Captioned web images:
----------

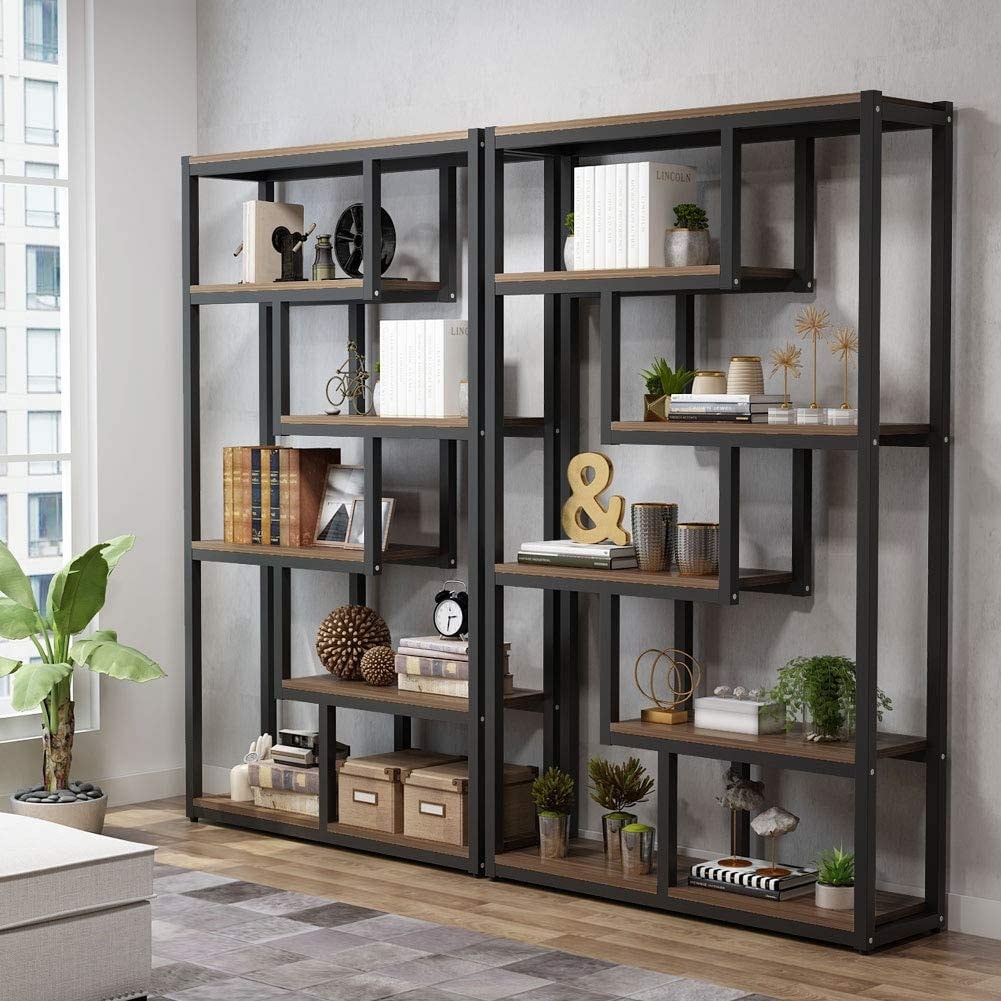6-Tier Etagere Bookcase, Modern Industrial Staggered Bookshelf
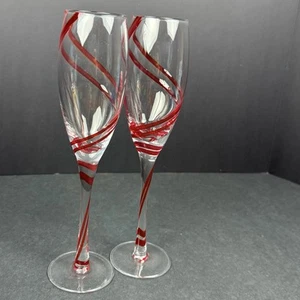 2 Vintage Pier 1 Double Swirl Red Champagne Flutes Glasses Hand Blown. Rare. - Picture 1 of 12
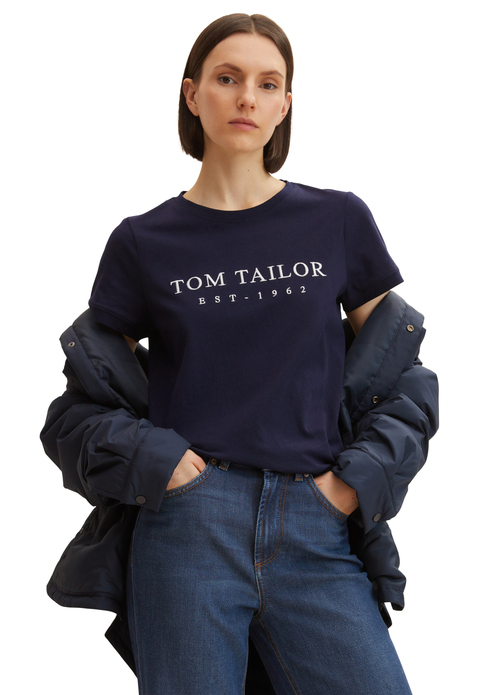 Tom Tailor T Shirt With A Print Navy Midnight Blue - 1032702-30025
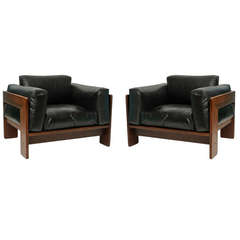 Pair of Bastiano Leather and Rosewood Chairs by Tobia Scarpa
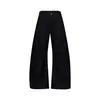 26202 Estilo Old Money Retro para Hombre y Mujer Modernos Diseño con Pliegues Decorados con Botones Pantalones de Corte Holgado con Dobladillo Curvo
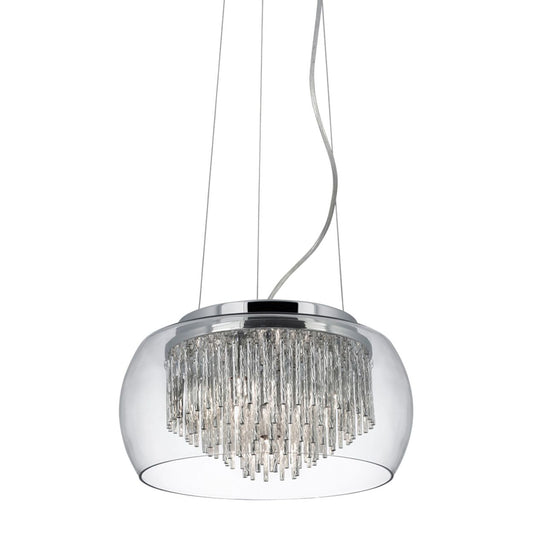 Searchlight Curva 4Lt Hanglamp Chroom Metaal & Kristal Glas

----------

**Task statement**
Reproduce only the lines of the records from the start up to and including the line that holds "Tom Tailor T"; do not carry over any picture.

**Task result**
6-Tier Etagere Bookcase, Modern Industrial Staggered Bookshelf
 2 Vintage Pier 1 Double Swirl Red Champagne Flutes Glasses Hand Blown. Rare. - Picture 1 of 12
 Tom Tailor T Shirt With A Print Navy Midnight Blue - 1032702-30025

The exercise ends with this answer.